On some older Thinkpads you can install Coreboot/Libreboot. Or even buy them with that, if flashing the firmware seems to complicated/risky, or necessitating buying equipment one does not have at the ready. Same goes at least for some routers, with OpenWRT, or the likes, or depending on the used connection technology going 'full personal computer' with some Linux/BSD again, with even more options regarding Core-/Librebroot/Dasharo underneath. There are always some paths for at least some aspects of that stuff. Most funny thing, if you don't trust your switches is something like https://www.apalrd.net/posts/2025/network_smartsfp/ <-that's not the only one. Imagine a cluster of firewalls in your ports!1!!

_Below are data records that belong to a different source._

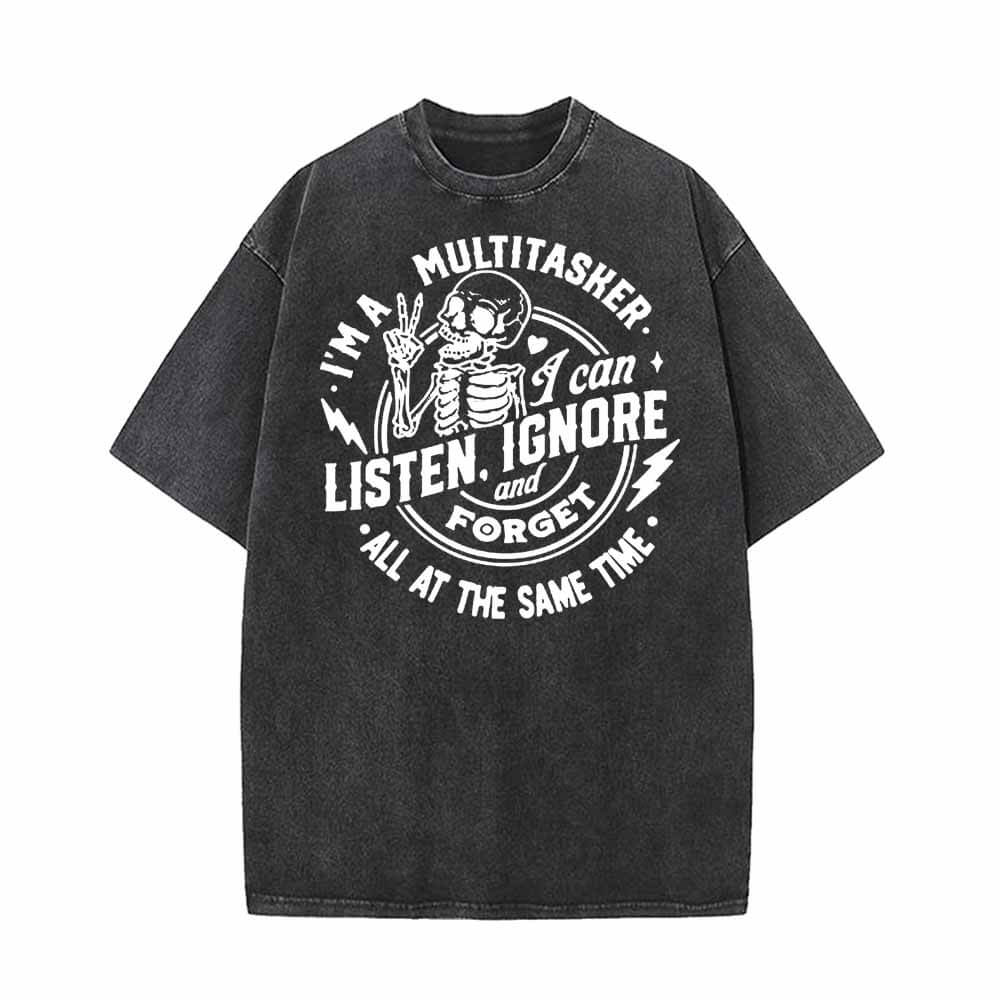 I Can Listen Ignore And Forget Vintage Washed T-shirt | Gthic.com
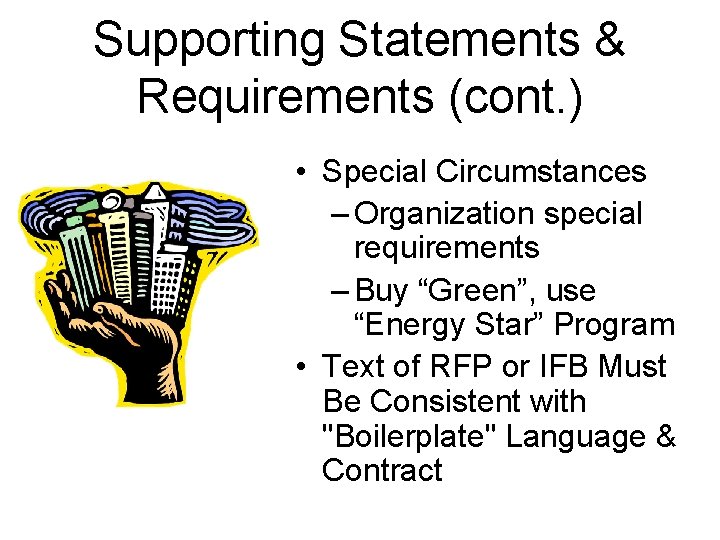 Supporting Statements & Requirements (cont. ) • Special Circumstances – Organization special requirements –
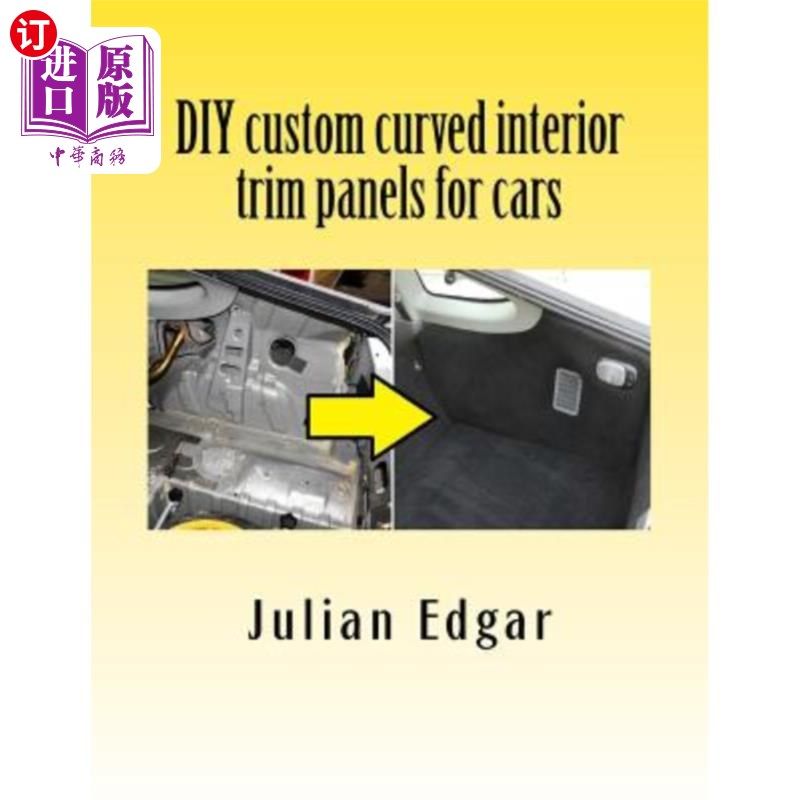 海外直订DIY custom curved interior trim panels for cars: How to quickly and easily make  DIY汽车定制曲线内饰板：如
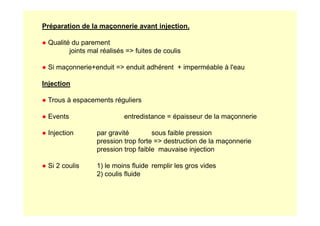 Préparation de la maçonnerie avant injection.
● Qualité du parement
joints mal réalisés = fuites de coulis
● Si maçonnerie+enduit = enduit adhérent + imperméable à l'eau
Injection
● Trous à espacements réguliers
● Events entredistance = épaisseur de la maçonnerie
● Events entredistance = épaisseur de la maçonnerie
● Injection par gravité sous faible pression
pression trop forte = destruction de la maçonnerie
pression trop faible mauvaise injection
● Si 2 coulis 1) le moins fluide remplir les gros vides
2) coulis fluide
 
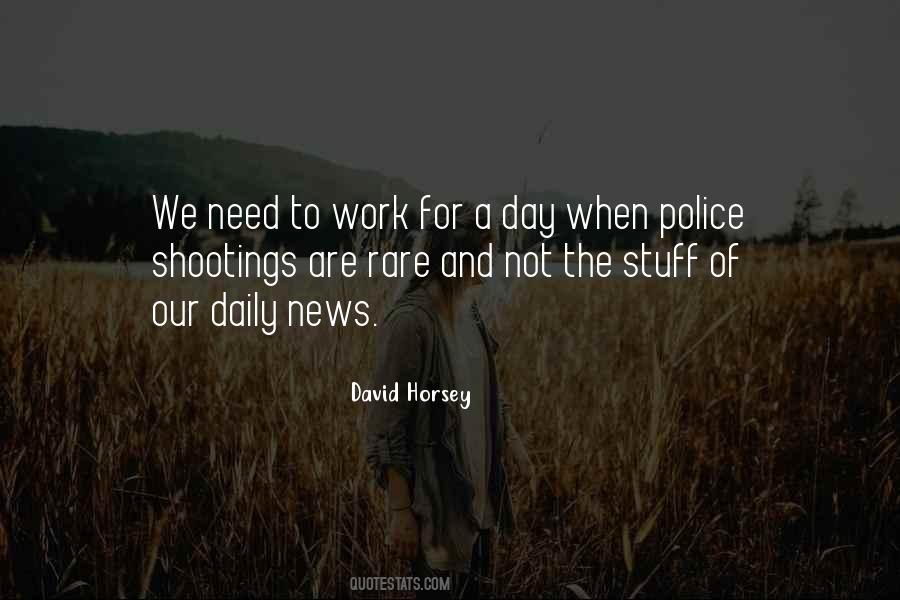 Quotes About Police Work #1509568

The question is if it's worth it? Or maybe more like a hobby with the benefit of staying technologically fit, but at the end of the day more like LARPing 'prepping'?
I suspect the people who have jobs that have made them capable of building and flashing their own firmware are exactly the sorts of people the NSA would be more likely to target and thus these tactics become all the more important.
Things like Intel ME are a straight up backdoor in consumer CPUs though, which is a bigger problem that is hard to disable. Government workers buy special laptops from Dell etc that disable this for security reasons, but difficult to get consumer laptop CPUs as a civilian that do not have ME or a similar technology enabled.
Thankfully ME Cleaner is a thing for many consumer CPUs to defang it, though you want this done at the firmware level, and that is where coreboot becomes all but a hard requirement.
I am convinced it is critical for preservation of our basic freedoms that digital sovereignty becomes the norm.